Conocí a Rocío Ordoñez por medio de una amiga en común. Una amiga que nos quiere mucho a ambas y que supo, desde el primer momento, que Rocío y yo tenemos muchas más cosas en común que este hábito de escribir: una vida que a veces se complica aunque nos deslomemos por enderezarla y una perseverancia (de la cual me jacto, claro) a prueba de "hielo y fuego".
Su novela ha paseado ya por muchísimos lugares. Ha sido leída por neófitos y conocedores, siempre con el mismo resultado: la sencillez de una escritura correcta, la transmisión de las emociones por medio de la palabra en una historia que inunda el alma, son el común denominador de los elogios a la hora de la opinar.
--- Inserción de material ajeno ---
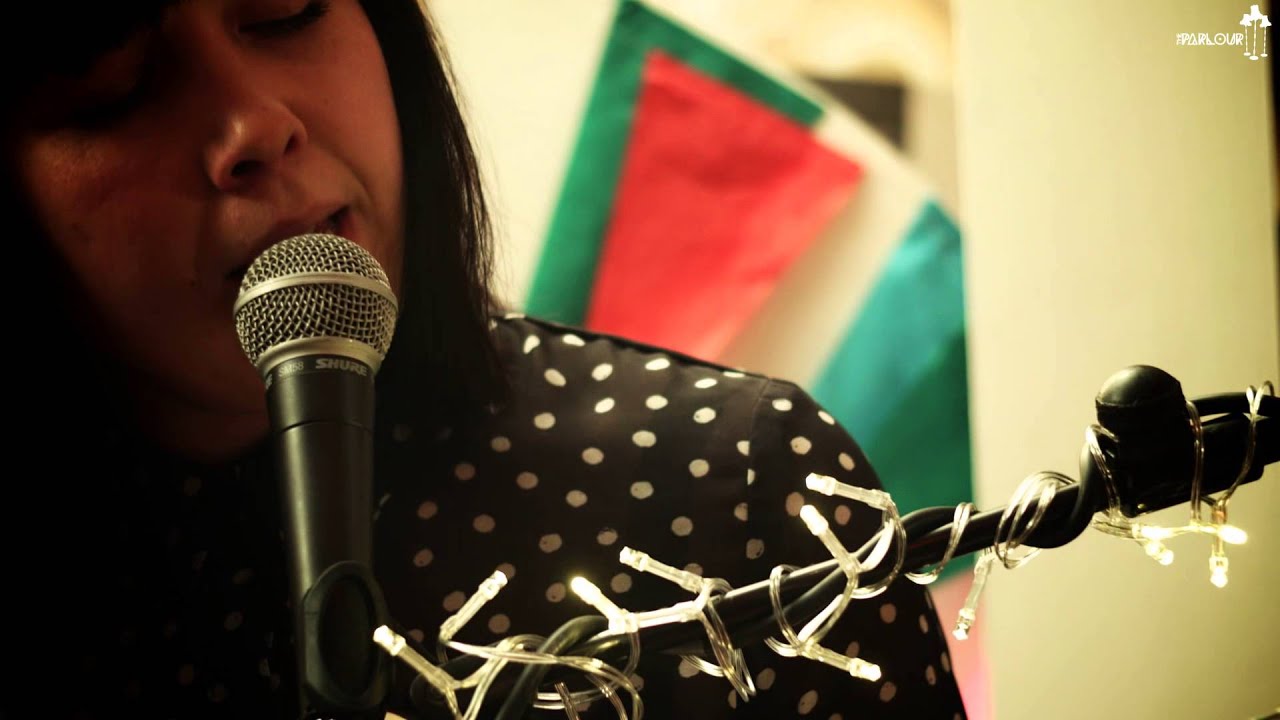 Katie Kim - I Make Sparks [Live at The Parlour]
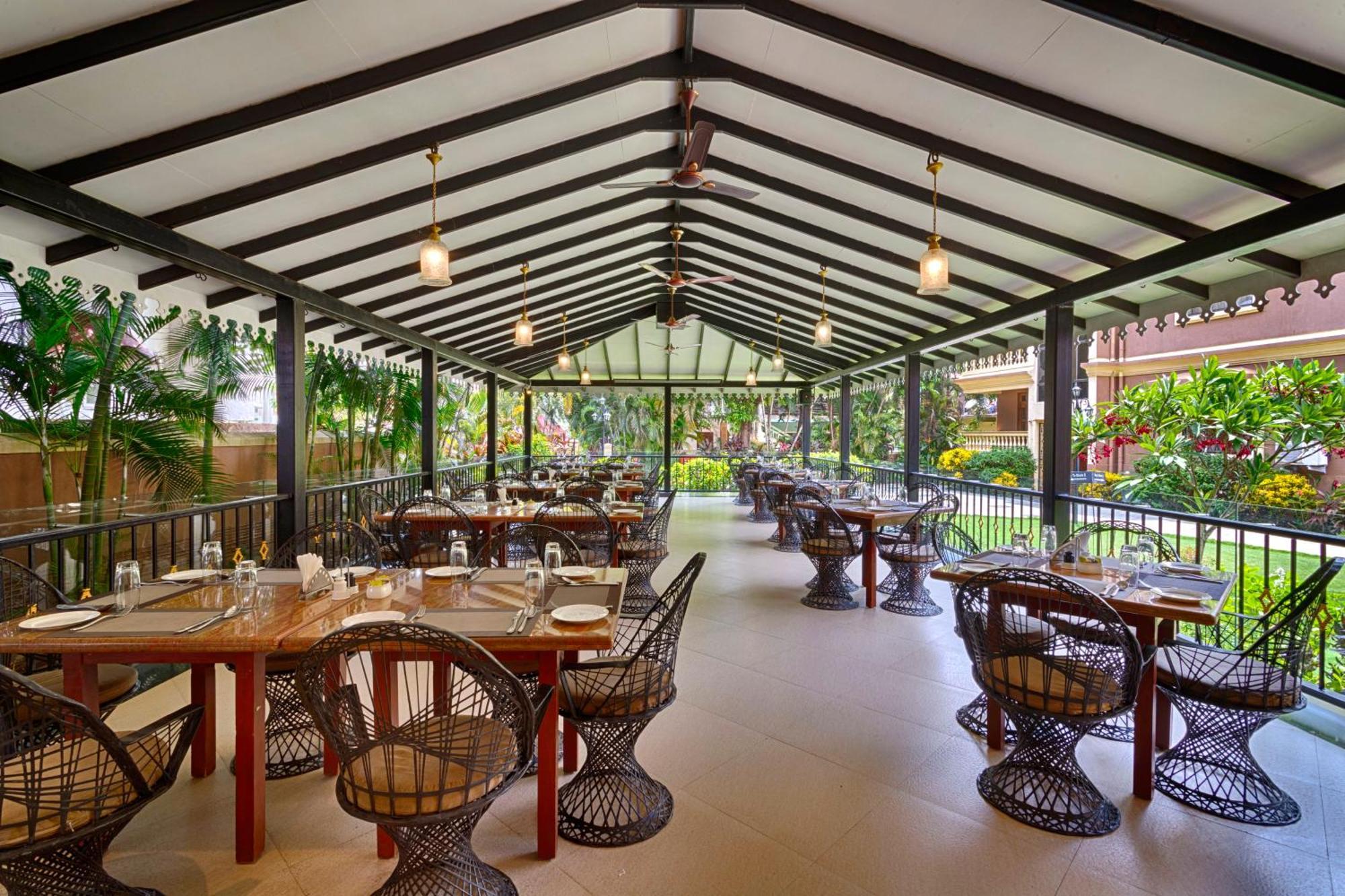 De Mandarin Beach Resort Suites & Villas, Candolim Eksteriør billede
Pero mis palabras aquí están sobrando. Baste el inicio de la novela para que toméis un botón de muestra:





París sigue allí, esperándole. 

Tras ocho años de ausencia, las calles estrechas y ruidosas de Montmartre, los sucios e inquietantes márgenes del Sena en los que la vida y la muerte siempre están de la mano, le dan la bienvenida. 
Necesita saborear a solas las sensaciones del reencuentro, por lo que ordena al cochero detenerse en una fonda y bajar los dos pequeños y desgastados baúles de cuero. Así, apenas negocia la estancia con Madame René, la posadera, sale a las calles, sin siquiera cambiarse la ropa polvorienta del viaje. 
Tiene hambre de París, la ciudad más dulce y más amarga. Aquella que apresó su juventud, cual vampiro que arrebata la vida ofreciendo a cambio el placer más intenso. La ciudad en la que lo tuvo todo, la ciudad que le condenó a vagar, sin alma.